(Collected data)
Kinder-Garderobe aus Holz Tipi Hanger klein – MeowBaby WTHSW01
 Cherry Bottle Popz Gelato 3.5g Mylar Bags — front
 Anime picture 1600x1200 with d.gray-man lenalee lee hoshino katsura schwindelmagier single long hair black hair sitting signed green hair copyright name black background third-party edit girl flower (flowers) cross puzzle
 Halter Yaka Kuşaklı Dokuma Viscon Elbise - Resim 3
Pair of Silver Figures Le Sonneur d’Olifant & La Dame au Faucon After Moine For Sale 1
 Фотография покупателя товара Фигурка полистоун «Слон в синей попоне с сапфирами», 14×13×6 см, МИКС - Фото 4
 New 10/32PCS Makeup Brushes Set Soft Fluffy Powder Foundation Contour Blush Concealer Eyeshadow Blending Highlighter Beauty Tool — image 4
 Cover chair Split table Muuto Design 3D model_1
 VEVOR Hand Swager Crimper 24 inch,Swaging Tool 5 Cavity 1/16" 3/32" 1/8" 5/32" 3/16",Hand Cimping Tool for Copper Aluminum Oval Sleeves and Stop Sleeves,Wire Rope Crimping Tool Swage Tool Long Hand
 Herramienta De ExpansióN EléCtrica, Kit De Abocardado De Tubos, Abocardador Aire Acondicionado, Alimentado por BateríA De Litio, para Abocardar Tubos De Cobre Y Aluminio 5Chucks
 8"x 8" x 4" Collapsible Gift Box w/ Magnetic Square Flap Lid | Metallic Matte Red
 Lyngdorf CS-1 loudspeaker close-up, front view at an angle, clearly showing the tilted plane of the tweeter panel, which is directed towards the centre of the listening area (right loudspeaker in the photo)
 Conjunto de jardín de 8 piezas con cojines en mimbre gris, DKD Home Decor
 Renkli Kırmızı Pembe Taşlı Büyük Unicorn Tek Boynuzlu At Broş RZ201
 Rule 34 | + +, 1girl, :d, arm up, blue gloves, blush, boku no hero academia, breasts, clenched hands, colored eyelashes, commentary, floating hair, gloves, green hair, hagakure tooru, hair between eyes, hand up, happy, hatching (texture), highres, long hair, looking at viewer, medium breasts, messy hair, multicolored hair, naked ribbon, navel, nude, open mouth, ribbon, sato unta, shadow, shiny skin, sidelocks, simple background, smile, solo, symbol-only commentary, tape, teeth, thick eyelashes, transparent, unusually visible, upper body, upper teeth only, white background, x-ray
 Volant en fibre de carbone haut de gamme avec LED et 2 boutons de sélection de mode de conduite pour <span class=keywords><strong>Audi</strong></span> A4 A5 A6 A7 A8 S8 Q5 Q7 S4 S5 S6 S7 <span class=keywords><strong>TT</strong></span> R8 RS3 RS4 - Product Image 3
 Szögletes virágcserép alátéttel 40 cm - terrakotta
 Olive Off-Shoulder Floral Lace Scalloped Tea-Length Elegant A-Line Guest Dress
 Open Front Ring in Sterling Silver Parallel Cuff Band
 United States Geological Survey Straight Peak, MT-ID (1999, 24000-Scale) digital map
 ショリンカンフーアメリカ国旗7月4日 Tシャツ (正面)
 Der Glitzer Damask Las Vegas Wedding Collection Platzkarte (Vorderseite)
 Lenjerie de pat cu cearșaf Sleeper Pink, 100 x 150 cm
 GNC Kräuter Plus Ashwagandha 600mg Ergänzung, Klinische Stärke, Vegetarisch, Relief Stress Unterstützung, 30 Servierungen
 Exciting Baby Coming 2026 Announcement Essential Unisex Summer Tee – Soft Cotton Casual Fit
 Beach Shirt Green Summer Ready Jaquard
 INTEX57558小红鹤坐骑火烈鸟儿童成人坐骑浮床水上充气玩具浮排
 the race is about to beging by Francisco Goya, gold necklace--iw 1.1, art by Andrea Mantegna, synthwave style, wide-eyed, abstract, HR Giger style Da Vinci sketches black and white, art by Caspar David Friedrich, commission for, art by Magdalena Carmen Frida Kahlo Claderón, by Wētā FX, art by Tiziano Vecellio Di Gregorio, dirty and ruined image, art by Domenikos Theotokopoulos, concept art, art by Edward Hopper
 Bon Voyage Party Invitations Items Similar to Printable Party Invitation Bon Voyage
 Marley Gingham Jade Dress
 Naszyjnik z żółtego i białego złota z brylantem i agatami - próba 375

▶ **Exercise aim**
Transcribe, exactly and without additions, the lines of the records above, beginning with the line that contains "Herramienta De ExpansióN" and ending with the line that contains "Szögletes virágcserép alátéttel", both included.

▶ **Exercise response**
 Herramienta De ExpansióN EléCtrica, Kit De Abocardado De Tubos, Abocardador Aire Acondicionado, Alimentado por BateríA De Litio, para Abocardar Tubos De Cobre Y Aluminio 5Chucks
 8"x 8" x 4" Collapsible Gift Box w/ Magnetic Square Flap Lid | Metallic Matte Red
 Lyngdorf CS-1 loudspeaker close-up, front view at an angle, clearly showing the tilted plane of the tweeter panel, which is directed towards the centre of the listening area (right loudspeaker in the photo)
 Conjunto de jardín de 8 piezas con cojines en mimbre gris, DKD Home Decor
 Renkli Kırmızı Pembe Taşlı Büyük Unicorn Tek Boynuzlu At Broş RZ201
 Rule 34 | + +, 1girl, :d, arm up, blue gloves, blush, boku no hero academia, breasts, clenched hands, colored eyelashes, commentary, floating hair, gloves, green hair, hagakure tooru, hair between eyes, hand up, happy, hatching (texture), highres, long hair, looking at viewer, medium breasts, messy hair, multicolored hair, naked ribbon, navel, nude, open mouth, ribbon, sato unta, shadow, shiny skin, sidelocks, simple background, smile, solo, symbol-only commentary, tape, teeth, thick eyelashes, transparent, unusually visible, upper body, upper teeth only, white background, x-ray
 Volant en fibre de carbone haut de gamme avec LED et 2 boutons de sélection de mode de conduite pour <span class=keywords><strong>Audi</strong></span> A4 A5 A6 A7 A8 S8 Q5 Q7 S4 S5 S6 S7 <span class=keywords><strong>TT</strong></span> R8 RS3 RS4 - Product Image 3
 Szögletes virágcserép alátéttel 40 cm - terrakotta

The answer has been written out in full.